Public Opinion - Extracts: Symbols as Communication

Walter Lippmann published Public Opinion in 1922. Following is a short extract describing the nature of symbols in communicating ideas.  The entire book is available online for free through Project Gutenburg.


The symbols of public opinion, in times of moderate security, are subject to check and comparison and argument. 

They come and go, coalesce and are forgotten, never organizing perfectly the emotion of the whole group. There is, after all, just one human activity left in which whole populations accomplish the union sacrée.
It occurs in those middle phases of a war when fear, pugnacity, and hatred have secured complete dominion of the spirit, either to crush every other instinct or to enlist it, and before weariness is felt. 

At almost all other times, and even in war when it is deadlocked, a sufficiently greater range of feelings is aroused to establish conflict, choice, hesitation, and compromise. The symbolism of public opinion usually bears, as we shall see, the marks of this balancing of interest. 

Think, for example, of how rapidly, after the armistice, the precarious and by no means successfully established symbol of Allied Unity disappeared, how it was followed almost immediately by the breakdown of each nation’s symbolic picture of the other: Britain the Defender of Public Law, France watching at the Frontier of Freedom, America the Crusader. 

And think then of how within each nation the symbolic picture of itself frayed out, as party and class conflict and personal ambition began to stir postponed issues. 

And then of how the symbolic pictures of the leaders gave way, as one by one, Wilson, Clemenceau, Lloyd George, ceased to be the incarnation of human hope, and became merely the negotiators and administrators for a disillusioned world. 

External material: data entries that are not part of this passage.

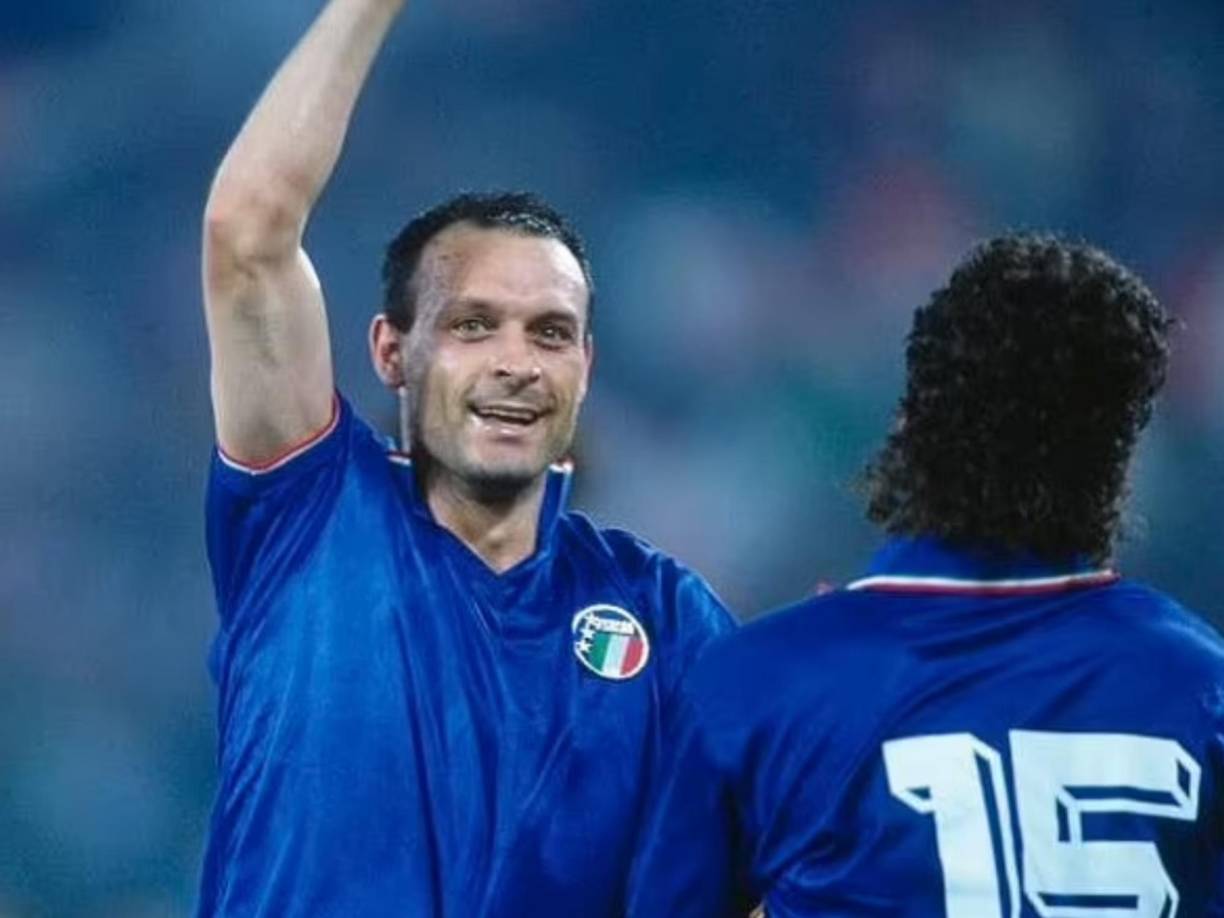 Maurizio es primo del famoso Totó Schillaci, quien aparece en esta imagen. Marcó seis goles en el Mundial de 1990 con Italia. A nivel de clubes estuvo en el Inter de Milán y Juventus.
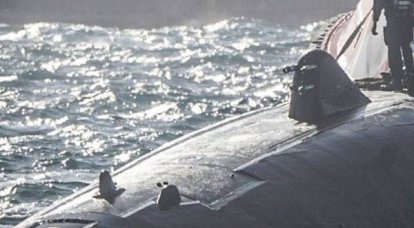Обсуждается объект в носовой части британской субмарины класса "Трафальгар"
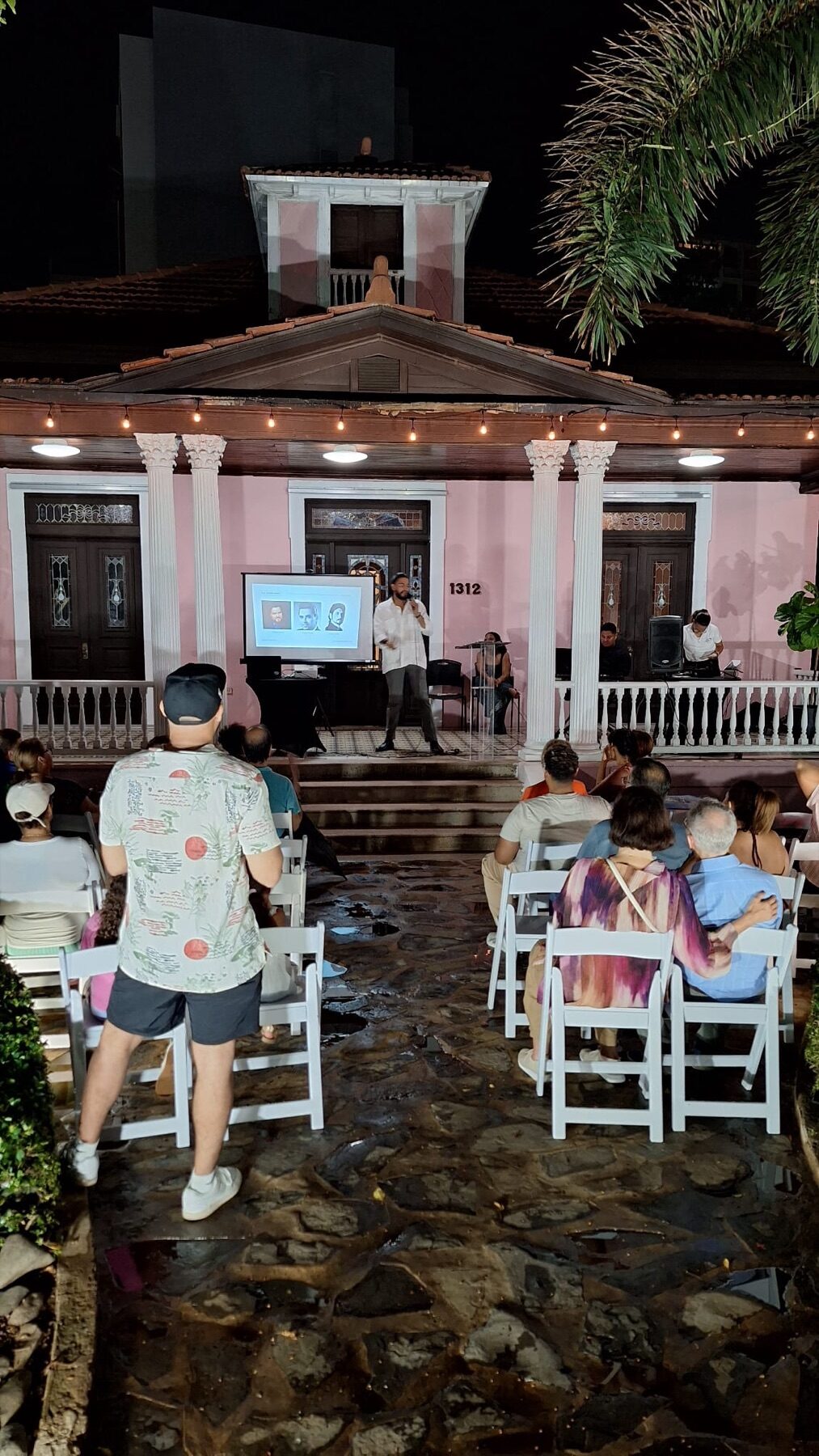 Concierto en la Casa Ashford — 1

Whether we regret this as one of the soft evils of peace or applaud it as a return to sanity is obviously no matter here. Our first concern with fictions and symbols is to forget their value to the existing social order, and to think of them simply as an important part of the machinery of human communication. 

Now in any society that is not completely self-contained in its interests and so small that everyone can know all about everything that happens, ideas deal with events that are out of sight and hard to grasp. 

Miss Sherwin of Gopher Prairie, is aware that a war is raging in France and tries to conceive it. 

She has never been to France, and certainly she has never been along what is now the battlefront. 

Pictures of French and German soldiers she has seen, but it is impossible for her to imagine three million men.

No one, in fact, can imagine them, and the professionals do not try. They think of them as, say, two hundred divisions.

But Miss Sherwin has no access to the order of battle maps, and so if she is to think about the war, she fastens upon Joffre and the Kaiser as if they were engaged in a personal duel.

Perhaps if you could see what she sees with her mind’s eye, the image in its composition might be not unlike an Eighteenth Century engraving of a great soldier. He stands there boldly unruffled and more than life size, with a shadowy army of tiny little figures winding off into the landscape behind.

Nor it seems are great men oblivious to these expectations.

M. de Pierrefeu tells of a photographer’s visit to Joffre.

The General was in his “middle class office, before the worktable without papers, where he sat down to write his signature.

Suddenly it was noticed that there were no maps on the walls.

But since according to popular ideas it is not possible to think of a general without maps, a few were placed in position for the picture, and removed soon afterwards.”